## Exercise instructions
Copy out every record precisely.

## Data provided
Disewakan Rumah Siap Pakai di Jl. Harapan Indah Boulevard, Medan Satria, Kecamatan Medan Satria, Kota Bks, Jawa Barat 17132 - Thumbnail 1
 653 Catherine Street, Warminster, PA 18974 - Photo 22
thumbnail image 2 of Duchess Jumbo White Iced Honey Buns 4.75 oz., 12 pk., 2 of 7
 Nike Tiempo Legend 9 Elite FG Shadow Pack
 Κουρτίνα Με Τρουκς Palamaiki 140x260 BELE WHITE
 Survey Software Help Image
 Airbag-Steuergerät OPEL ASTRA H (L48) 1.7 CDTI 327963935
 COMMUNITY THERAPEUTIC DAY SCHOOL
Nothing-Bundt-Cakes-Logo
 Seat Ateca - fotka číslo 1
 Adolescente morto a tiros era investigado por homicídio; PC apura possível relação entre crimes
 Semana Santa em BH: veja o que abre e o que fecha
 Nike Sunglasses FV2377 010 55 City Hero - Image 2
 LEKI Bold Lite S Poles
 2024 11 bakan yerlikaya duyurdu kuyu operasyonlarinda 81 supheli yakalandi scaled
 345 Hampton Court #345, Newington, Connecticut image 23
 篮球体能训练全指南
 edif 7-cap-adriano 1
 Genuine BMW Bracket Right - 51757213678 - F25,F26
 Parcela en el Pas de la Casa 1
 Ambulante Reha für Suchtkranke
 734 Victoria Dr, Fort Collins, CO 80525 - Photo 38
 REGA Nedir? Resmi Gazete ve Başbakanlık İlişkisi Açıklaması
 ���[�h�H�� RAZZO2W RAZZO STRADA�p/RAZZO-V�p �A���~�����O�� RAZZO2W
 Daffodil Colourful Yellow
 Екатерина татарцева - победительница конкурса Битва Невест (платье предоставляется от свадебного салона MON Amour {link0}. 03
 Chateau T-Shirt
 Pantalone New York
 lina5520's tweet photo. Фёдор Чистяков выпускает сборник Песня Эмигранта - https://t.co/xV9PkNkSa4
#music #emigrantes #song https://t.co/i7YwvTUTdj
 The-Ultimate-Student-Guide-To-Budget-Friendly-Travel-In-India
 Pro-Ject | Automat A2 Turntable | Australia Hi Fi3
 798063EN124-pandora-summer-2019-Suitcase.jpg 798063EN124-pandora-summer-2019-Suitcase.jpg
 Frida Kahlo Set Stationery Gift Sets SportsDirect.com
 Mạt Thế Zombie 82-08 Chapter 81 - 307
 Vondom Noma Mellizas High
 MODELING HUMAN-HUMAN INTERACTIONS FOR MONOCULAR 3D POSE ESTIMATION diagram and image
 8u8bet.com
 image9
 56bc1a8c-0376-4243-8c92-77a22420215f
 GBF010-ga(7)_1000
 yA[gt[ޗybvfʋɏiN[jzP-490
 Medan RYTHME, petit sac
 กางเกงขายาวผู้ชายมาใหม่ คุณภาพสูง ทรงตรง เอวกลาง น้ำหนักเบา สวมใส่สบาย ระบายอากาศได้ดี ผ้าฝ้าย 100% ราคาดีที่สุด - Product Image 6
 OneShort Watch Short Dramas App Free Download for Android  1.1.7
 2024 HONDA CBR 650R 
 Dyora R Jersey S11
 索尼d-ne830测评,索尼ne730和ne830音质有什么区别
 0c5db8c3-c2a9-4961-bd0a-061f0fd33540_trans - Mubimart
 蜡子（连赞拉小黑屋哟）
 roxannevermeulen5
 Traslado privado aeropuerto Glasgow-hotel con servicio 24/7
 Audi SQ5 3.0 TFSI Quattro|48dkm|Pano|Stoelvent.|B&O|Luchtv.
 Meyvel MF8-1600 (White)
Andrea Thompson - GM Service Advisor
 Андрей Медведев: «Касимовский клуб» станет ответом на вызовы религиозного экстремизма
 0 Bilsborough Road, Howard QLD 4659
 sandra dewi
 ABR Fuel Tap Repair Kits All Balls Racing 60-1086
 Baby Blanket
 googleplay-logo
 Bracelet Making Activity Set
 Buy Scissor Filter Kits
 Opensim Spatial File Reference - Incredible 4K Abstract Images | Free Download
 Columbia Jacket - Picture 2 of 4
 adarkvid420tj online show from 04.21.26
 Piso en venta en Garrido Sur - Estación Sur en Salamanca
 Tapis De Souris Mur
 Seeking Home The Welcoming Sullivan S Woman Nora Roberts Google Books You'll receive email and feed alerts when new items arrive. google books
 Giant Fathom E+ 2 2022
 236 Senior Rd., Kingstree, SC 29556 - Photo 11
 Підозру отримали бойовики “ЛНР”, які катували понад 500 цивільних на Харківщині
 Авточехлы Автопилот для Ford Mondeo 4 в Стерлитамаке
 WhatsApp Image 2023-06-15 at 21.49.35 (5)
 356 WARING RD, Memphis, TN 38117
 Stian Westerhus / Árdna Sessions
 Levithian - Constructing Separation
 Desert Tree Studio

## Solution to this task
Disewakan Rumah Siap Pakai di Jl. Harapan Indah Boulevard, Medan Satria, Kecamatan Medan Satria, Kota Bks, Jawa Barat 17132 - Thumbnail 1
 653 Catherine Street, Warminster, PA 18974 - Photo 22
thumbnail image 2 of Duchess Jumbo White Iced Honey Buns 4.75 oz., 12 pk., 2 of 7
 Nike Tiempo Legend 9 Elite FG Shadow Pack
 Κουρτίνα Με Τρουκς Palamaiki 140x260 BELE WHITE
 Survey Software Help Image
 Airbag-Steuergerät OPEL ASTRA H (L48) 1.7 CDTI 327963935
 COMMUNITY THERAPEUTIC DAY SCHOOL
Nothing-Bundt-Cakes-Logo
 Seat Ateca - fotka číslo 1
 Adolescente morto a tiros era investigado por homicídio; PC apura possível relação entre crimes
 Semana Santa em BH: veja o que abre e o que fecha
 Nike Sunglasses FV2377 010 55 City Hero - Image 2
 LEKI Bold Lite S Poles
 2024 11 bakan yerlikaya duyurdu kuyu operasyonlarinda 81 supheli yakalandi scaled
 345 Hampton Court #345, Newington, Connecticut image 23
 篮球体能训练全指南
 edif 7-cap-adriano 1
 Genuine BMW Bracket Right - 51757213678 - F25,F26
 Parcela en el Pas de la Casa 1
 Ambulante Reha für Suchtkranke
 734 Victoria Dr, Fort Collins, CO 80525 - Photo 38
 REGA Nedir? Resmi Gazete ve Başbakanlık İlişkisi Açıklaması
 ���[�h�H�� RAZZO2W RAZZO STRADA�p/RAZZO-V�p �A���~�����O�� RAZZO2W
 Daffodil Colourful Yellow
 Екатерина татарцева - победительница конкурса Битва Невест (платье предоставляется от свадебного салона MON Amour {link0}. 03
 Chateau T-Shirt
 Pantalone New York
 lina5520's tweet photo. Фёдор Чистяков выпускает сборник Песня Эмигранта - https://t.co/xV9PkNkSa4
#music #emigrantes #song https://t.co/i7YwvTUTdj
 The-Ultimate-Student-Guide-To-Budget-Friendly-Travel-In-India
 Pro-Ject | Automat A2 Turntable | Australia Hi Fi3
 798063EN124-pandora-summer-2019-Suitcase.jpg 798063EN124-pandora-summer-2019-Suitcase.jpg
 Frida Kahlo Set Stationery Gift Sets SportsDirect.com
 Mạt Thế Zombie 82-08 Chapter 81 - 307
 Vondom Noma Mellizas High
 MODELING HUMAN-HUMAN INTERACTIONS FOR MONOCULAR 3D POSE ESTIMATION diagram and image
 8u8bet.com
 image9
 56bc1a8c-0376-4243-8c92-77a22420215f
 GBF010-ga(7)_1000
 yA[gt[ޗybvfʋɏiN[jzP-490
 Medan RYTHME, petit sac
 กางเกงขายาวผู้ชายมาใหม่ คุณภาพสูง ทรงตรง เอวกลาง น้ำหนักเบา สวมใส่สบาย ระบายอากาศได้ดี ผ้าฝ้าย 100% ราคาดีที่สุด - Product Image 6
 OneShort Watch Short Dramas App Free Download for Android  1.1.7
 2024 HONDA CBR 650R 
 Dyora R Jersey S11
 索尼d-ne830测评,索尼ne730和ne830音质有什么区别
 0c5db8c3-c2a9-4961-bd0a-061f0fd33540_trans - Mubimart
 蜡子（连赞拉小黑屋哟）
 roxannevermeulen5
 Traslado privado aeropuerto Glasgow-hotel con servicio 24/7
 Audi SQ5 3.0 TFSI Quattro|48dkm|Pano|Stoelvent.|B&O|Luchtv.
 Meyvel MF8-1600 (White)
Andrea Thompson - GM Service Advisor
 Андрей Медведев: «Касимовский клуб» станет ответом на вызовы религиозного экстремизма
 0 Bilsborough Road, Howard QLD 4659
 sandra dewi
 ABR Fuel Tap Repair Kits All Balls Racing 60-1086
 Baby Blanket
 googleplay-logo
 Bracelet Making Activity Set
 Buy Scissor Filter Kits
 Opensim Spatial File Reference - Incredible 4K Abstract Images | Free Download
 Columbia Jacket - Picture 2 of 4
 adarkvid420tj online show from 04.21.26
 Piso en venta en Garrido Sur - Estación Sur en Salamanca
 Tapis De Souris Mur
 Seeking Home The Welcoming Sullivan S Woman Nora Roberts Google Books You'll receive email and feed alerts when new items arrive. google books
 Giant Fathom E+ 2 2022
 236 Senior Rd., Kingstree, SC 29556 - Photo 11
 Підозру отримали бойовики “ЛНР”, які катували понад 500 цивільних на Харківщині
 Авточехлы Автопилот для Ford Mondeo 4 в Стерлитамаке
 WhatsApp Image 2023-06-15 at 21.49.35 (5)
 356 WARING RD, Memphis, TN 38117
 Stian Westerhus / Árdna Sessions
 Levithian - Constructing Separation
 Desert Tree Studio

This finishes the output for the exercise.